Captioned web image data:
───

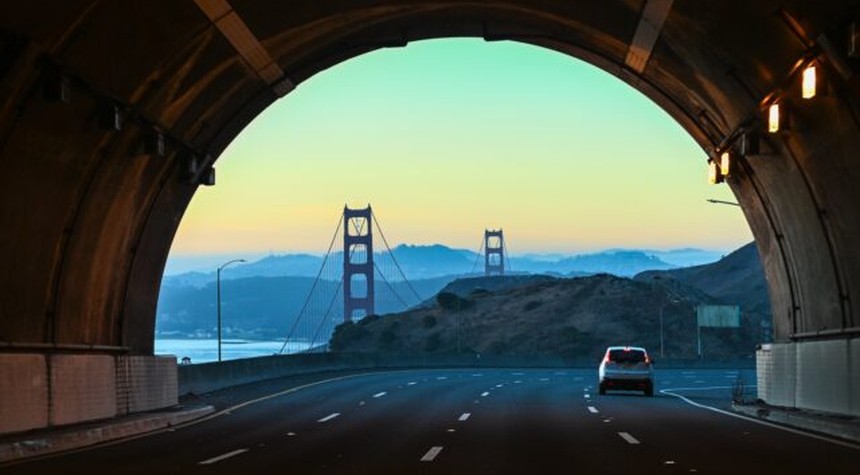 Obama's Legacy of Executive Abuse Set the Stage for Democratic Hypocrisy on Trump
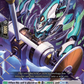 (098) Cardfight Vanguard Fated Clash Single: Satellite Repairer [D-Format]  Common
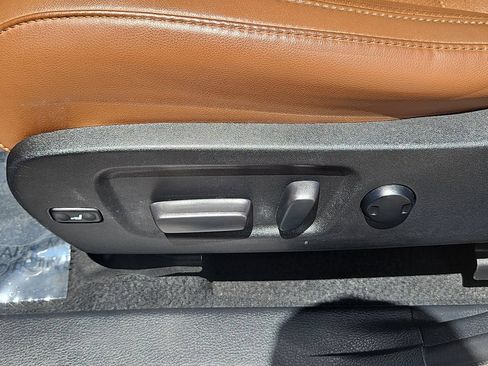 Used 2019 Toyota Highlander Limited Platinum AWD/4WD image 24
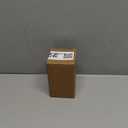 30-Pack Top Fill Humidifier Replacement Filters for LEVOIT Classic160, Dual150, Dual200S, Classic300(S), LV600S, OasisMist450S, Superior 6000S Humidifiers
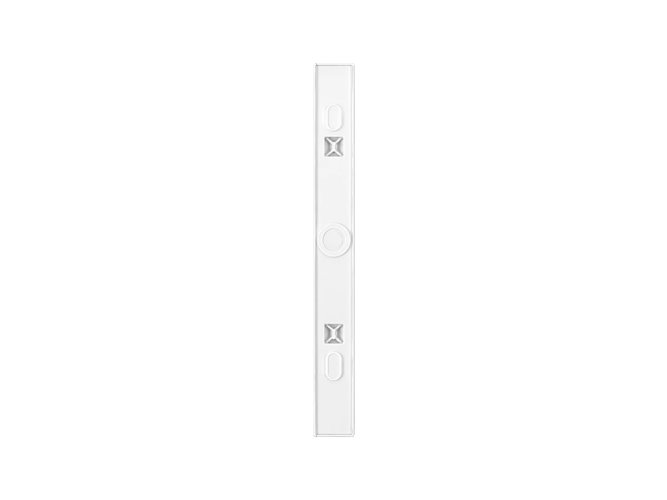Lampa ewakuacyjna LED 0,8W 59lm 3h AT z akumulatorem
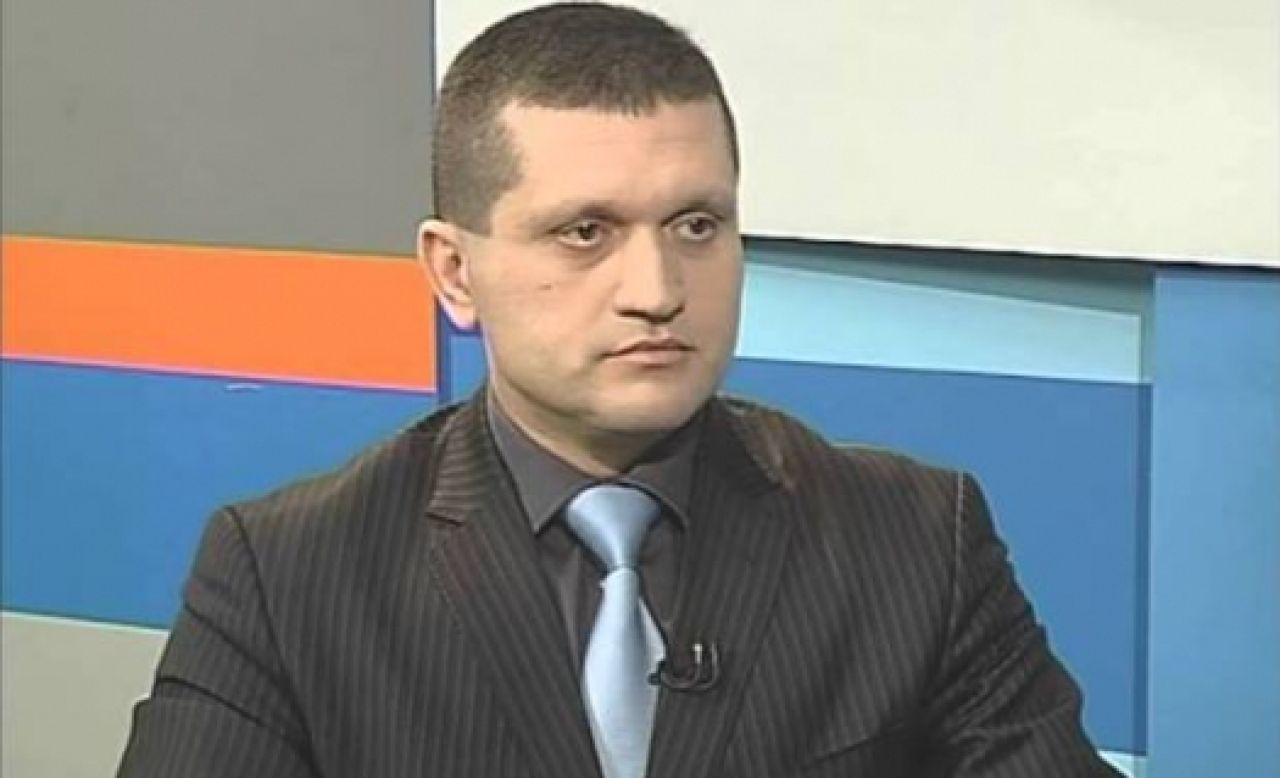 Воронежский адвокат, вовлекавший в секс-рабство девушек, заработал на этом 36 млн рублей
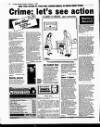 Evening Herald (Dublin) Monday 01 February 1993 Page 18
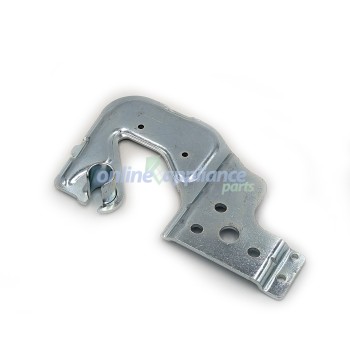 140040616066 Hinge, Upper Left, Fridge, Westinghouse. Genuine Part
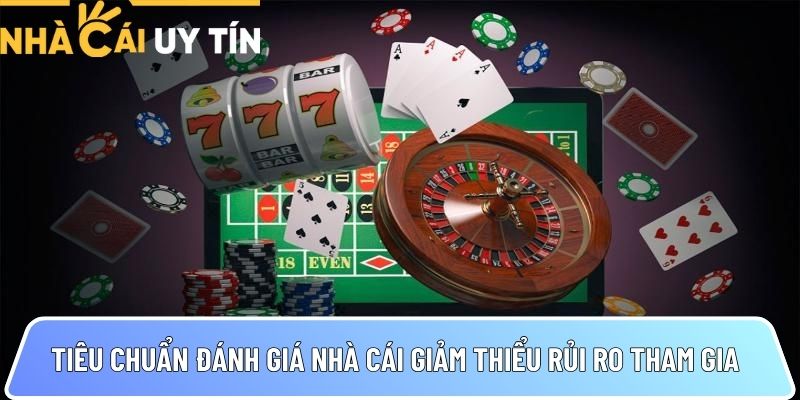 Johan Pham xây dựng và duy trì tiêu chuẩn nội dung tại nhacaiuytin.mx dựa trên các chỉ số đo lường cụ thể, thay vì cảm tính:
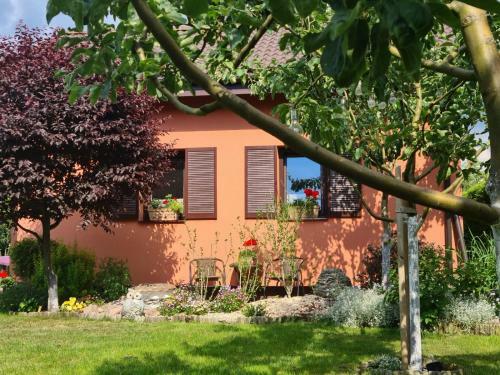 Apartamento Vila ?ventoji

───

Repeat the data word for word. Skip the pictures.

 Obama's Legacy of Executive Abuse Set the Stage for Democratic Hypocrisy on Trump
 (098) Cardfight Vanguard Fated Clash Single: Satellite Repairer [D-Format]  Common
 Used 2019 Toyota Highlander Limited Platinum AWD/4WD image 24
 30-Pack Top Fill Humidifier Replacement Filters for LEVOIT Classic160, Dual150, Dual200S, Classic300(S), LV600S, OasisMist450S, Superior 6000S Humidifiers
Lampa ewakuacyjna LED 0,8W 59lm 3h AT z akumulatorem
 Воронежский адвокат, вовлекавший в секс-рабство девушек, заработал на этом 36 млн рублей
 Evening Herald (Dublin) Monday 01 February 1993 Page 18
 140040616066 Hinge, Upper Left, Fridge, Westinghouse. Genuine Part
 Johan Pham xây dựng và duy trì tiêu chuẩn nội dung tại nhacaiuytin.mx dựa trên các chỉ số đo lường cụ thể, thay vì cảm tính:
 Apartamento Vila ?ventoji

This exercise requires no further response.